UPDATED: She battled drug addiction for years and then illness. On Sunday, Nini Stoltenberg, the youngest member of one of Norway’s most high-profile and politically active families, died at the age of 51.
“Nini was a fantastic person, and it’s a great sorrow that she’s now left us,” her father Thorvald Stoltenberg, a former foreign minister and defense minister, told state broadcaster NRK when confirming the death on Wednesday. She was the younger sister of Jens Stoltenberg, the former prime minister who has been named as new secretary general of NATO, and Camilla Stoltenberg, a doctor who also is head of Norway’s state health directorate. Her mother Karin Stoltenberg, who died two years ago, was also a top politician and women’s rights activist.
It was among life’s ironies that a member of such a prominent and highly successful family would become most well-known for being a heroin addict and, later, for playing a role in attempting to reform Norway’s drug laws and treatment. The family and Nini herself went public with her addiction in 2001 and she has described how people from homes full of resources and love can also fall into the trap of narcotics.
‘Disproving how successful I was’
“I smoked my first hash pipe when I was only around 12-13 years old,” she once told newspaper VG. “The first time I sniffed heroin was a few years later.” She said she managed to stay away from drugs for “many, many years” after that, despite youthful rebellion that included her participation in an illegal house occupation while her father was Norway’s defense minister and the family was under police protection because of threats.
“It was my way of being politically active,” Nini Stoltenberg told VG. “I guess I took on the job of offsetting what everyone else in the family was doing. I think I wanted to disprove the image of how successful I was.”
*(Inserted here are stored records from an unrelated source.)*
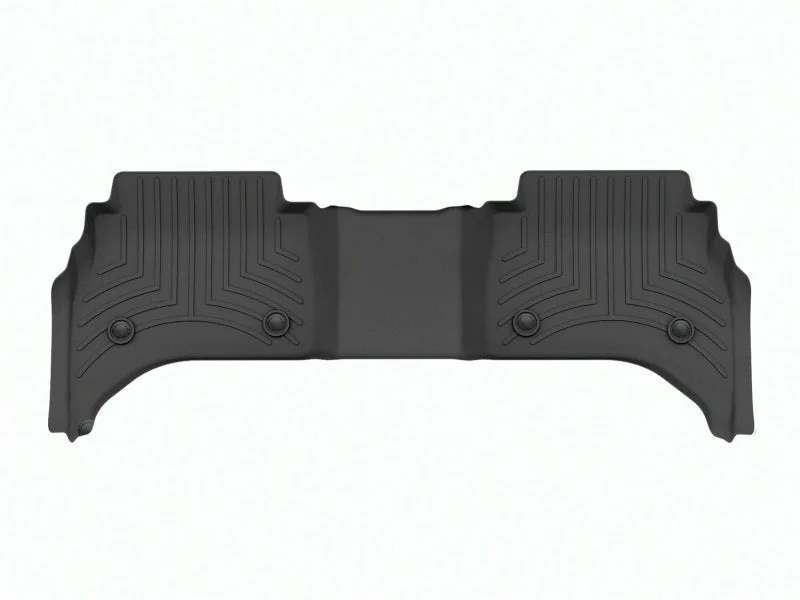 WeatherTech 2023 Land Rover Range Rover Rear FloorLiner - Black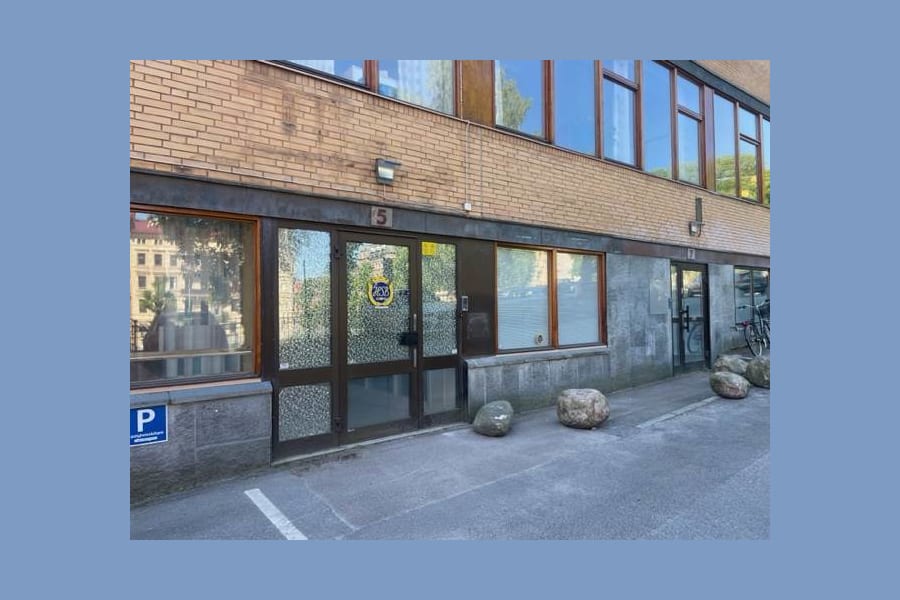 Thorildsgatan 7 - image - 1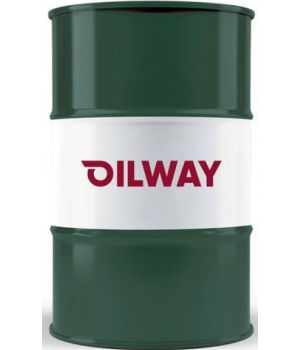 Моторное масло Oilway Dynamic LongWay 15W-40, 216,5л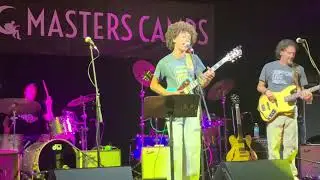 &ldquo;Ain&rsquo;t Wastin&rsquo; Time No More&rdquo; - Rock Roots Revival 2019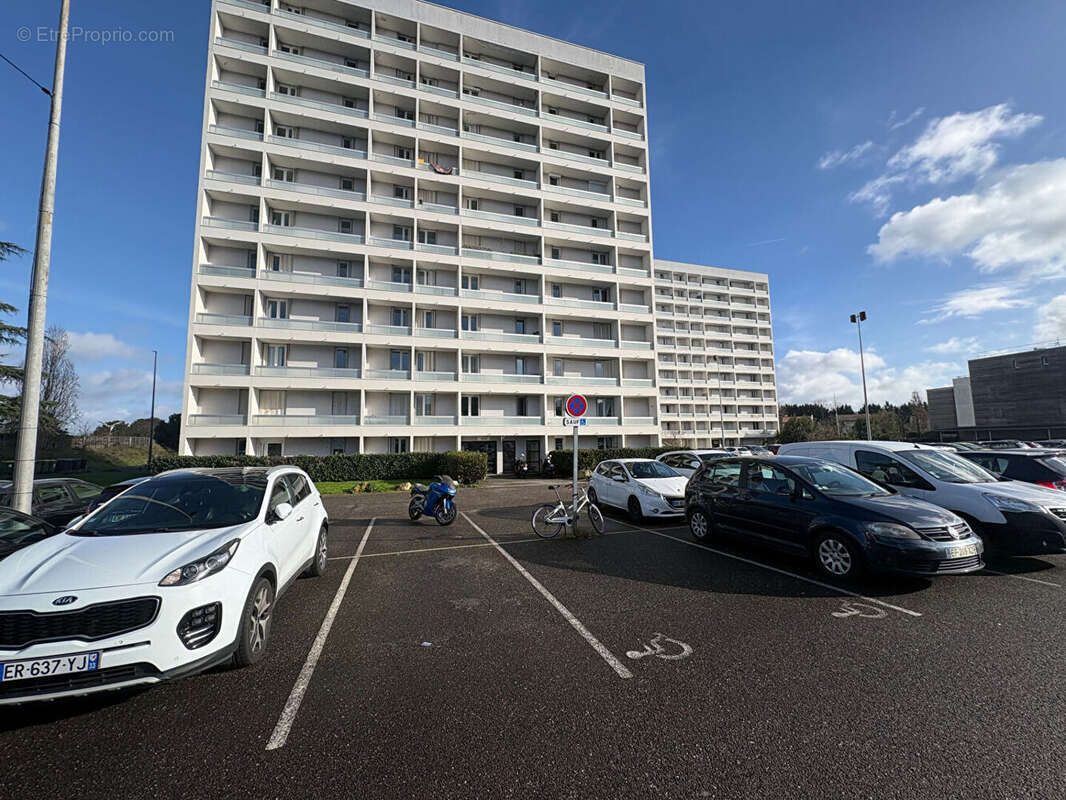 Appartement à GRADIGNAN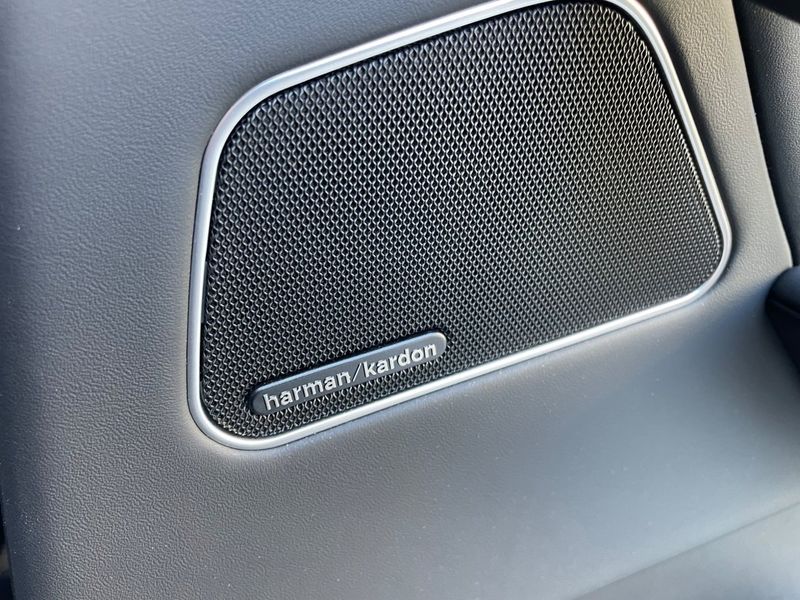 Maserati Levante bild 16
She nonetheless studied law and was working at NRK when, at an age of 27, she became a heroin addict in the early 1990s. “You don’t become addicted the first, second or third time you try heroin,” she said. “But it’s just so good. It replaces food, love and sadness, unfortunately joy also. You don’t need anything else. And because of that, you try it several more times. And then one day you wake up in the morning and you have to have it, not to get that good feeling, but just to manage to get up. Then the good feelings are over, and addiction has developed from drug use to a life-long illness.”
Addict turned activist
After her addiction became known, and she went through rehab programs, she and her live-in partner Karljohn Sivertzen became activists for what they called “more humane” drug policies in Norway. She was part of an expert group formed by the center-right government headed by Kjell Magne Bondevik of the Christian Democrats party through which she proposed access to heroin by prescription and decriminalization of cannabis. The proposals weren’t embraced. Her father called her his “most important adviser” when he also became an adviser on narcotics policies in 2011.
The drug use clearly took its toll. Sivertzen died last year and Nini Stoltenberg fell ill, appearing skeletal at times. Her brother Jens spoke fondly of her in a recent interview when he stepped down as leader of the Norwegian Labour Party in June: “We shared a room as kids,” he told VG. “Nini taught me about Norwegian society seen from below. There has been a lot of pain tied to her problems with drugs, but it never got in the way of a close and good relationship.” Funeral arrangements were set for Monday August 18 at Uranienborg Church in Oslo.